Last Tuesday, Chinese annual trade data looked weak. The contraction of imports deepened to -20.4% yoy in September (August: -13.8%), below market expectations. Exports contracted for the third month in a row (-3.7% yoy), but less than in previous months (July: -5.5%). However, if we look at monthly trade patterns, the emerging picture is less dark. Chinese imports fell sharply in January and February, but recovered in March (with volatility also reflecting the timing of the Chinese New Year) and have been quite stable since. It is clear that the sharp drop in early 2015 is still affecting the year-on-year numbers. This pattern is more or less valid for various trade partners, including the US, EU and Asia. Exports have even showed monthly gains since April. Meanwhile, Chinese inflation data show that there is further room for stimulus, in our view. After rising to a 12-month high of 2% yoy in August, headline inflation fell again to 1.6% yoy on the back of lower food price inflation.


Eurozone industrial production declines …

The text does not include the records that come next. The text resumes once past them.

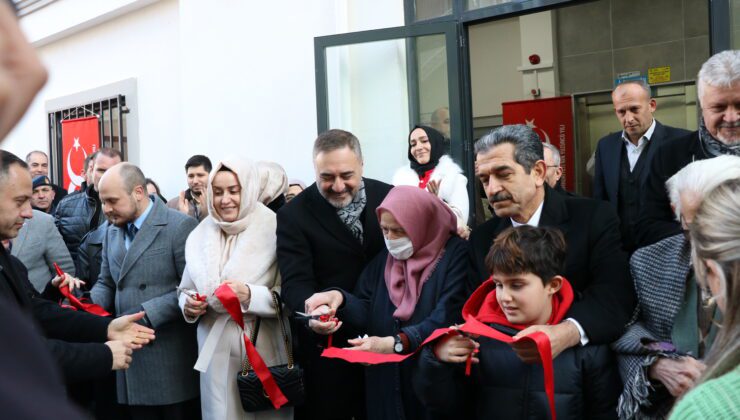 Hayırsever sağlık merkezi yaptırdı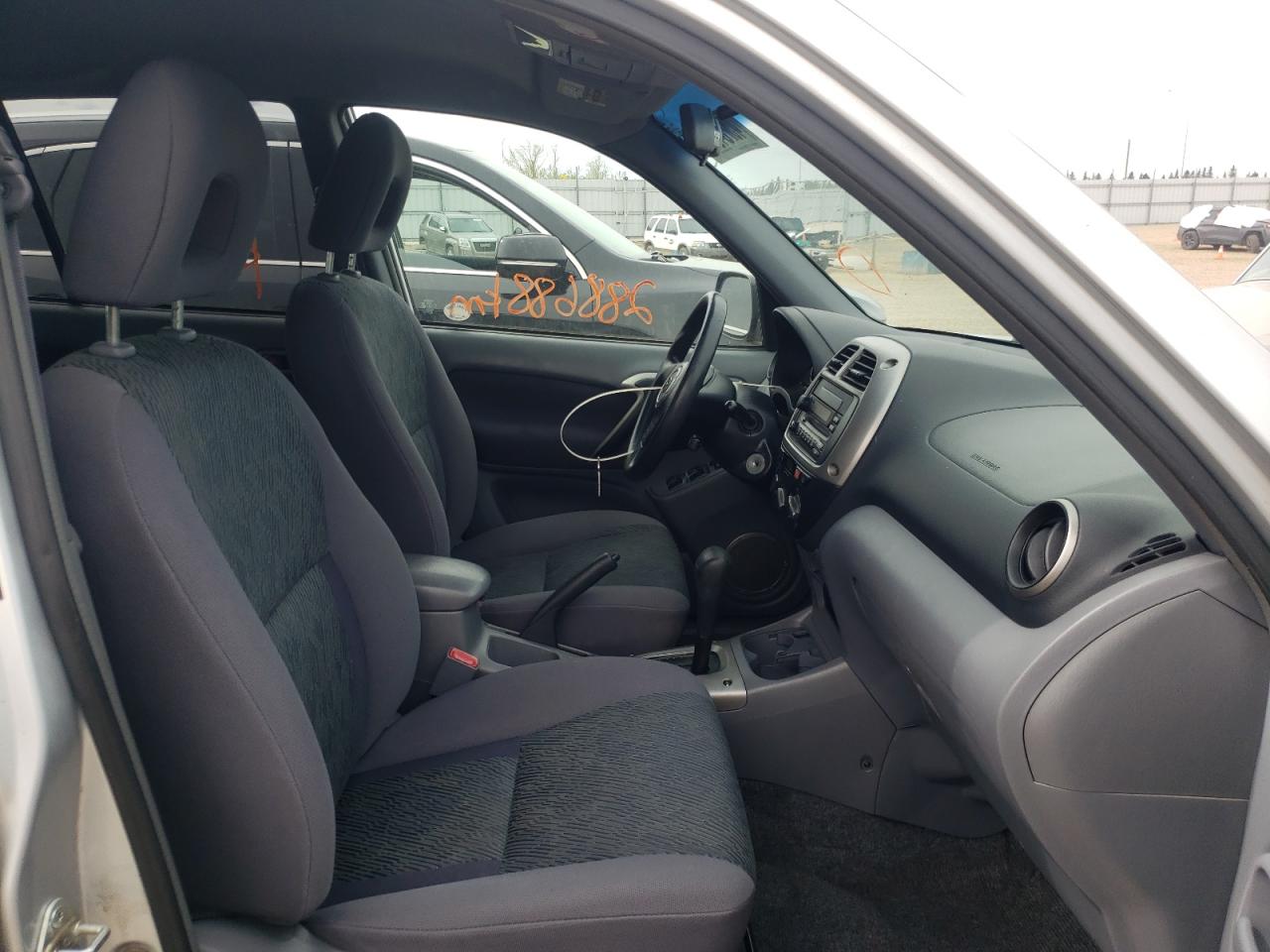 Photo 5 from auction – 2001 TOYOTA RAV4 with VIN JTEHH20V510053616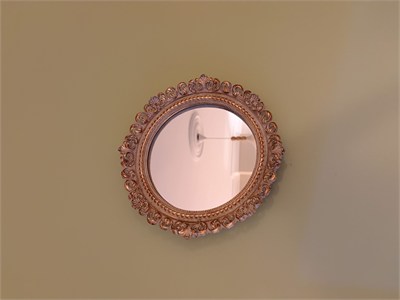 Dantel Yuvarlak Dekoratif Duvar Aynası – Vizon & Altın Varaklı (28 cm)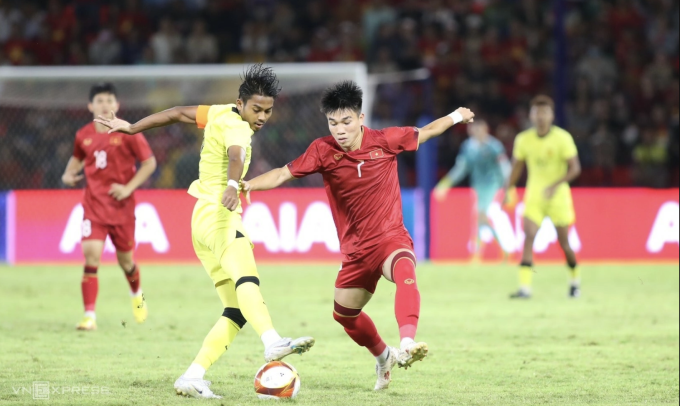 Việt Nam (áo đỏ) thắng Malaysia (áo vàng) 2-1 ở vòng bảng bóng đá Nam SEA Games 32 tại sân Visakha, Campuchia ngày 8/5/2023. Ảnh: Lâm Thỏa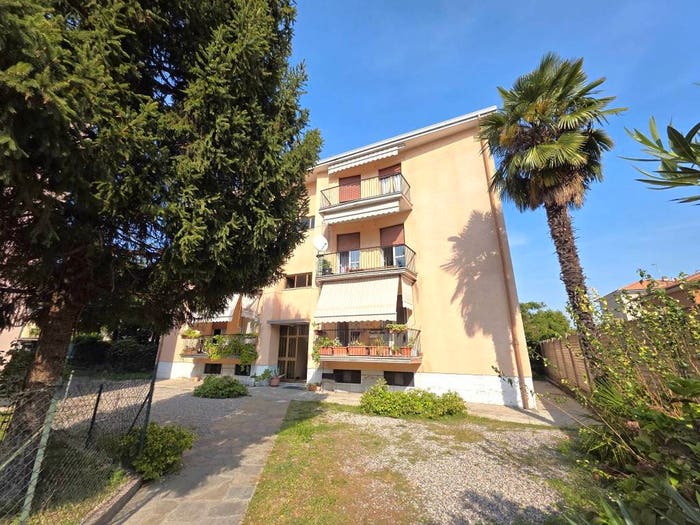 Appartamento trilocale in vendita in Via Falzarego, Canegrate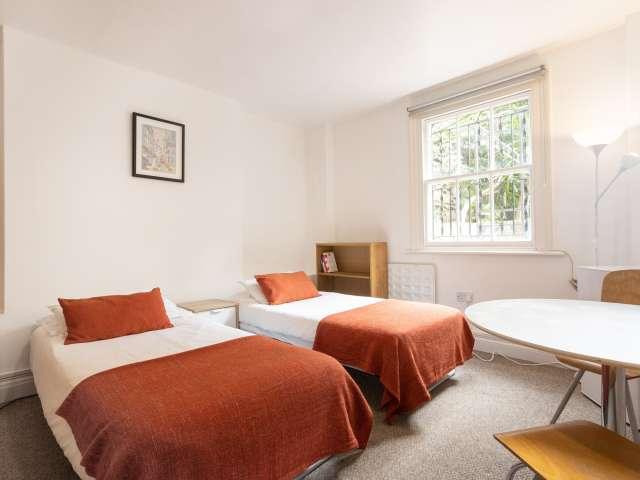 Room for rent in Earl's Court, Greater London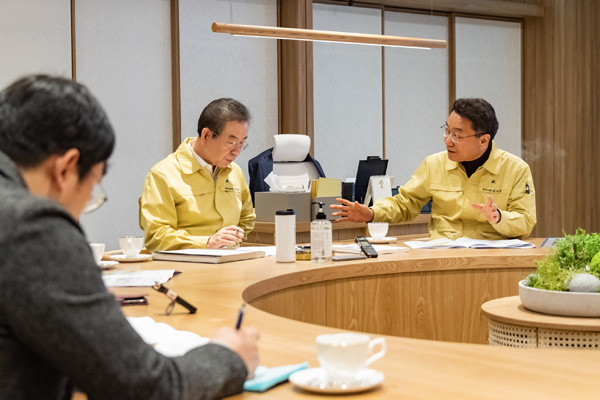 ▲ ‘광진구 도시관리계획 조정’에 대한 내용을 전달하고 있는 김선갑 광진구청장.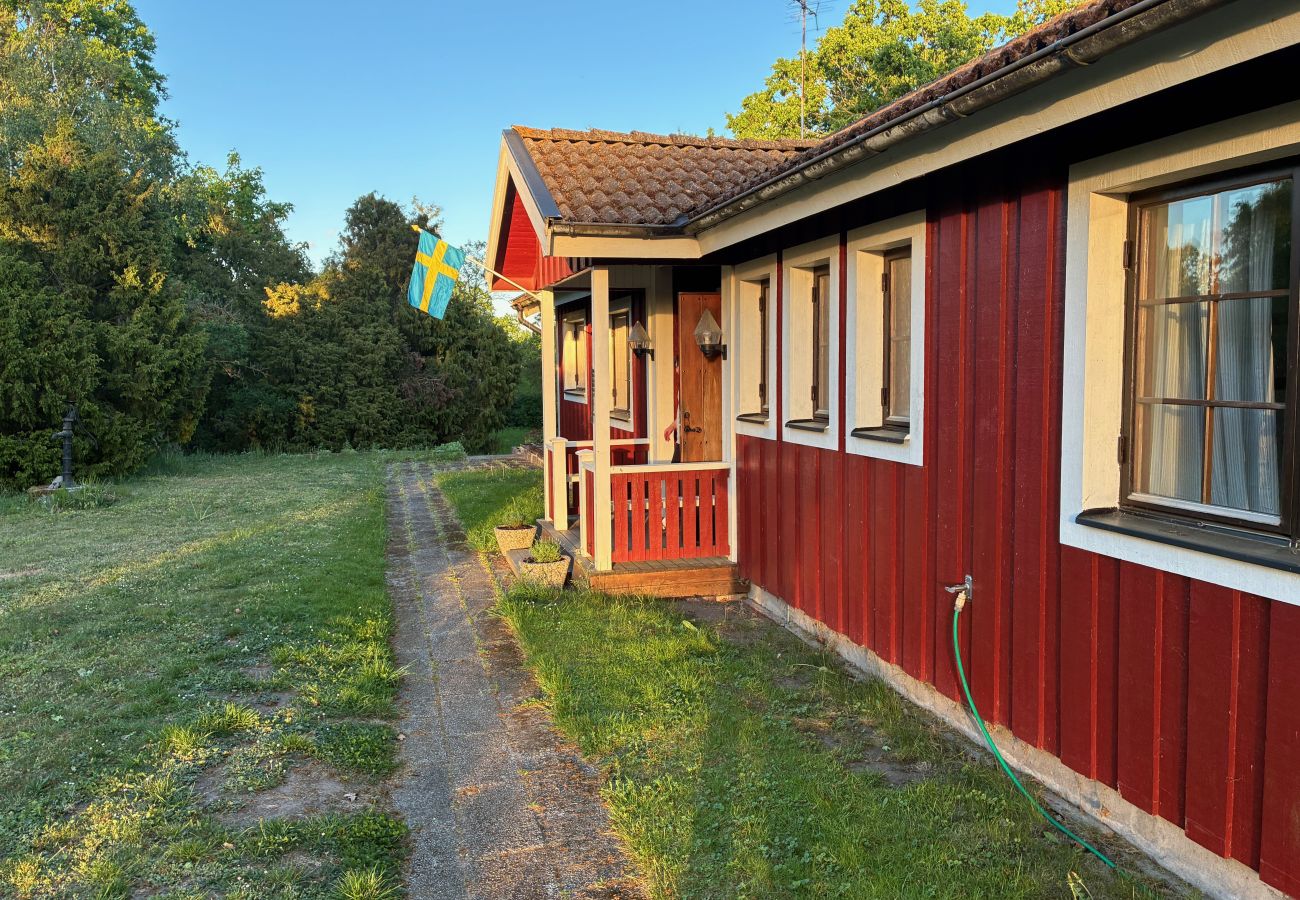 Stuga i Bergkvara - Stort fritidshus vid havet med bastu, båt och internet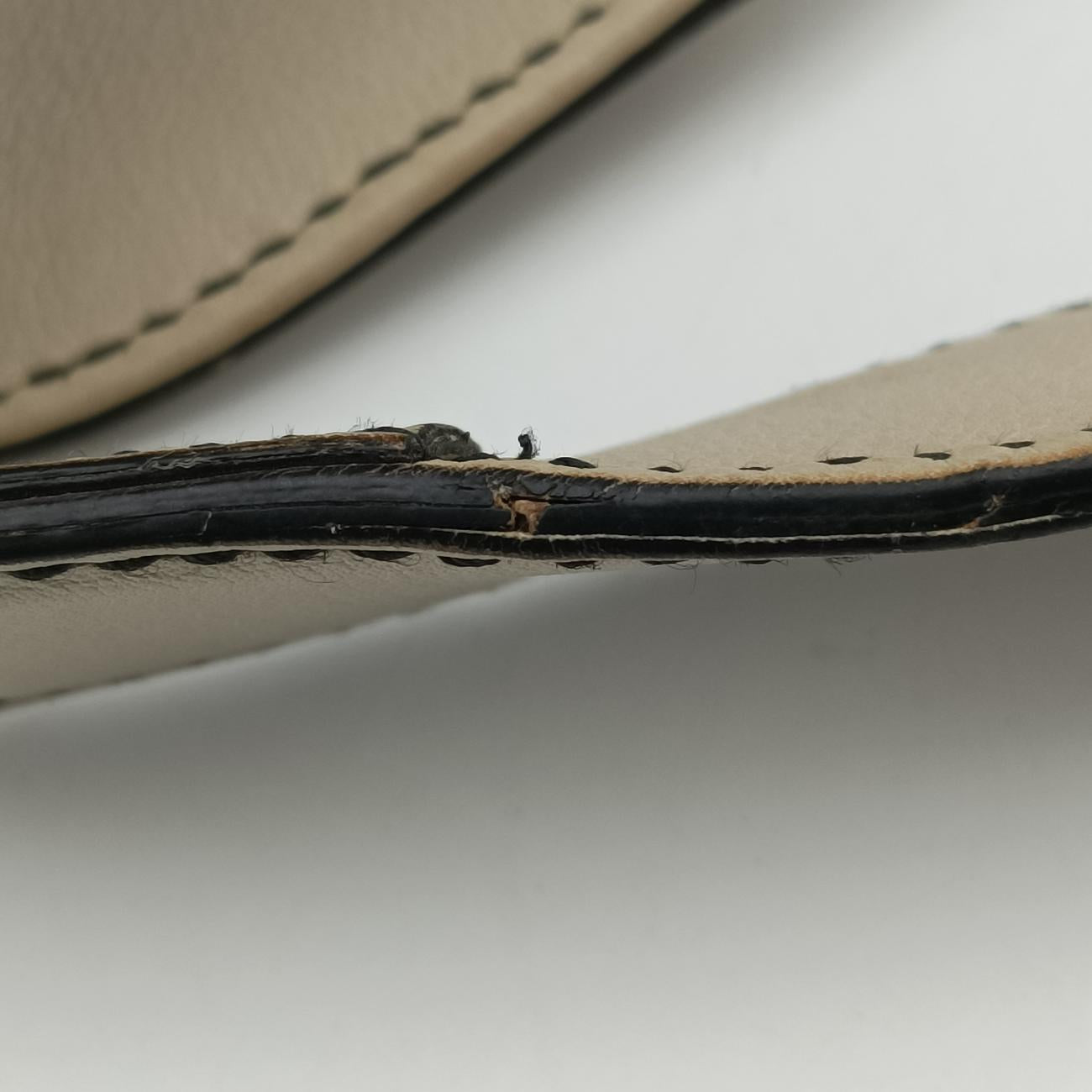 Pre-owned Gucci Emily Hobo Beige Leather 322226 shoulderbag | stylenewstar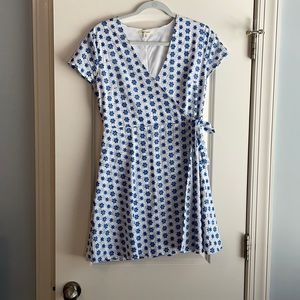 Blue and white patterned dress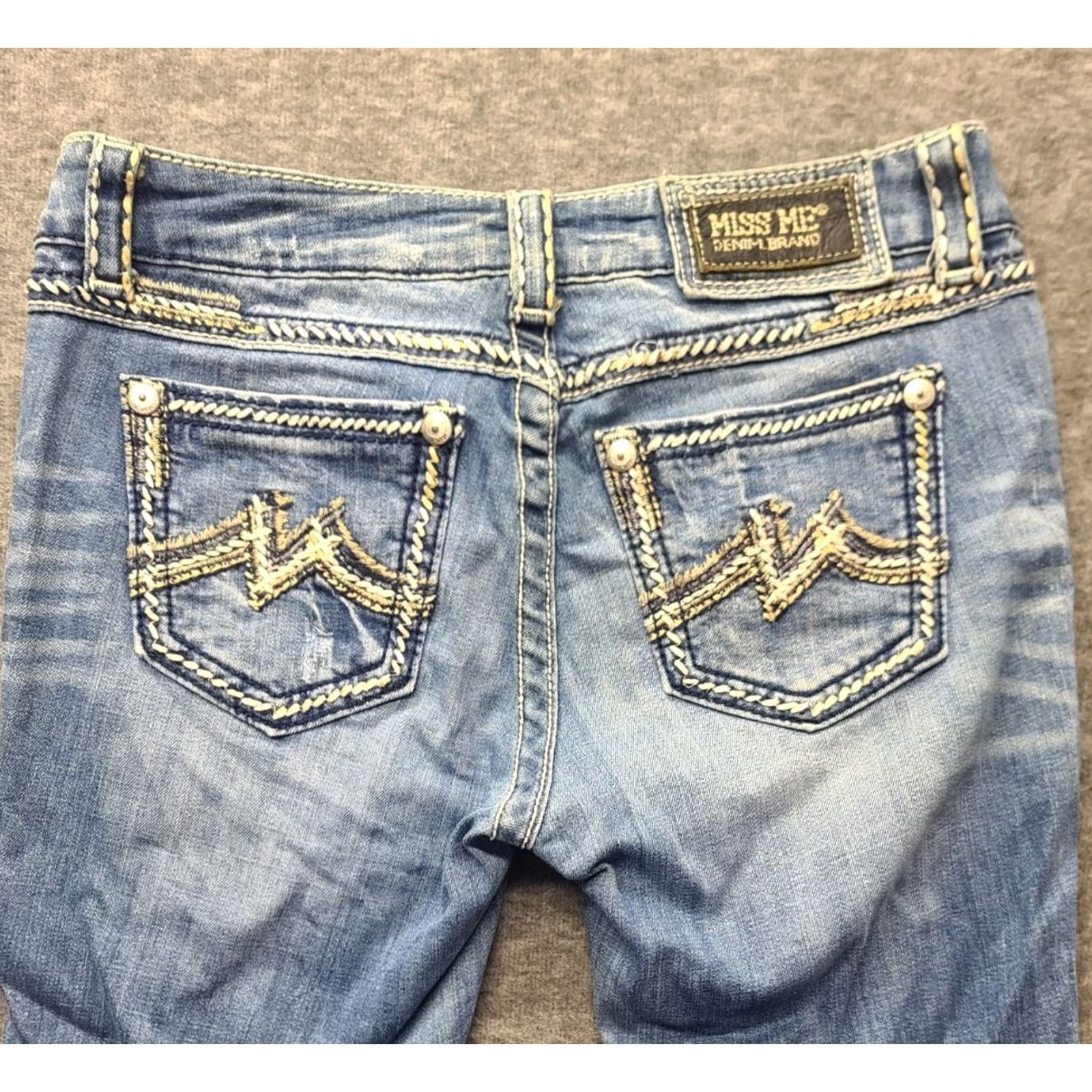 Miss Me Miss Me Jeans Womens Regular Fit Bootcut 26x28 Mid Rise Distressed Velvety Blue Denim Stretch Size 26" / US 2 / IT 38 - 2 Thumbnail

Industrial production in the eurozone declined in August. It fell by 0.5% mom in August, down from a 0.8% rise in July (revised higher from 0.6%). Compared to a year ago, total production increased by 0.9% (down from 1.7% in July). Despite this slowdown in overall growth, there was a marked rise in growth in production of capital goods (to 2.8% yoy from 1.7% in July) and durable consumer goods (to 4.5% from 1.6%), which underlines that domestic demand in the eurozone and its main export markets (the US and the UK) is expanding robustly.


… but overall GDP growth should be more resilient

Looking ahead, we think that the slowdown in China and emerging markets more generally will continue to weigh on the eurozone’s industrial sector. Moreover, the positive impact of the depreciation of the trade-weighted exchange rate of the euro in the first half of this year seems to be waning. Having said that, we expect the slowdown in overall GDP growth to remain limited, as domestic demand should be more resilient, as it is being supported by low interest rates, easing bank lending standards and a gradual labour market recovery.